Author Sam Sheridan shares the universality in the simple line, “that everyone is fighting something,” and in this book addresses what some consider to be a cliche tag, ‘”Fighting is fifty percent mental”‘ (preface). Throughout Sam’s travels he interviews great fighters from various backgrounds and styles setting out to answer many questions from many minds. Among those there is one mind familiar to many in an unrecognized way.

Josh Waitzkin proves to be a mountain of mental development within the ring. Searching for Bobby Fischer is a film adapted from “a book that Josh’s ‘Pop’ had written about Josh’s early chess career” (pg. 184). As an early chess master both his mind and his reputation were no strangers to fame. As an author himself, Josh has written both Attacking Chess and The Art of Learning (both of which are available directly from the author’s website, here) the later of which received praise from numerous inspirational writers including Deepak Chopra. It is within this chapter that Sheridan truly taps the undeniable truth of the psychological traps and pitfalls to which the contenders are subject.

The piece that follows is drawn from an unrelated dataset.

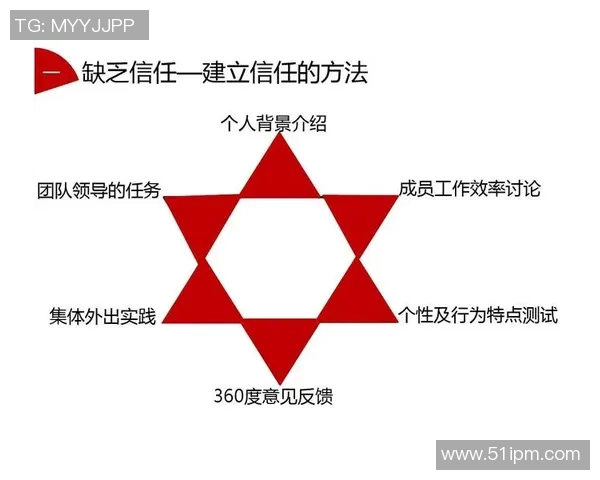 深圳篮球队选拔赛表现分析：意识与团队协作的关键因素探讨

Queries stretch along lines of heroes, unmatched rivals and personal inspirations. What it takes to be one of those heroes is answered in part by esteemed trainers such as Freddie Roach and Greg Jackson.

How these men reach heightened planes of performance is unveiled through their own given circumstance. These men accomplish amazing physical feats such as is with the case of “Captain America” Randy Couture whose body has become more of a championed machine. During strenuous activity our bodies produce higher levels of lactic acid resulting in what we experience as fatigue. After years of vigorous conditioning Randy’s body does not.

The Fighter's Mind, Inside the Mental Game

Click image to buy The Fighter's Mind

Where the fight takes place stretches over continents and transcends both the mind and body. Later in the book, we see a list from Applied Sport Psychology containing qualities of “peak performance” (pg. 255):

  • Loss of fear–no fear of failure
  • No thinking of performance
  • Total immersion in activity
  • Narrow focus of attention
  • Effortless performance–not forcing it
  • Feeling of being in complete control
  • Time/Space disorientation (usually showed down)
  • Universe perceived to be integrated and unified
  • Unique, temporary, involuntary experience
Sam relates these bullets to the Zen of martial arts.

The who contained within the book includes well-known names of accomplished fighters including Rory Markham, Mark DellaGrotte,  Frank Shamrock, Andre Ward, Dan Gable and Renzo Gracie.

However many questions are answered inside of this text the why is the sought after reason which remains most elusive. During an interview with Jon Stewart, The Daily Show, Sam is asked why he crossed the boundary and traveled to Thailand to fight and replies with a less than articulate response (which he acknowledges nearing the close of the book) and follows with a comment about fighting being an “art,” to which Jon lays his exquisite wit.

There is much to be said about the passion driving performance across the board, going beyond fighting, beyond running, beyond theater. Dually personal and widely relative this read, while not providing the backing to qualify fighting as an art, does allow answers for the who, what, when, where and how of the mind’s journey while faced with the life and death bouts that extend far beyond the category of sport.

In summation, to quote a friend, the message anyone can find resonate here is that, “To be really really good at anything takes dedication and a lot of hard work.”

Sam Sheridan is also the author of A Fighter’s Heart.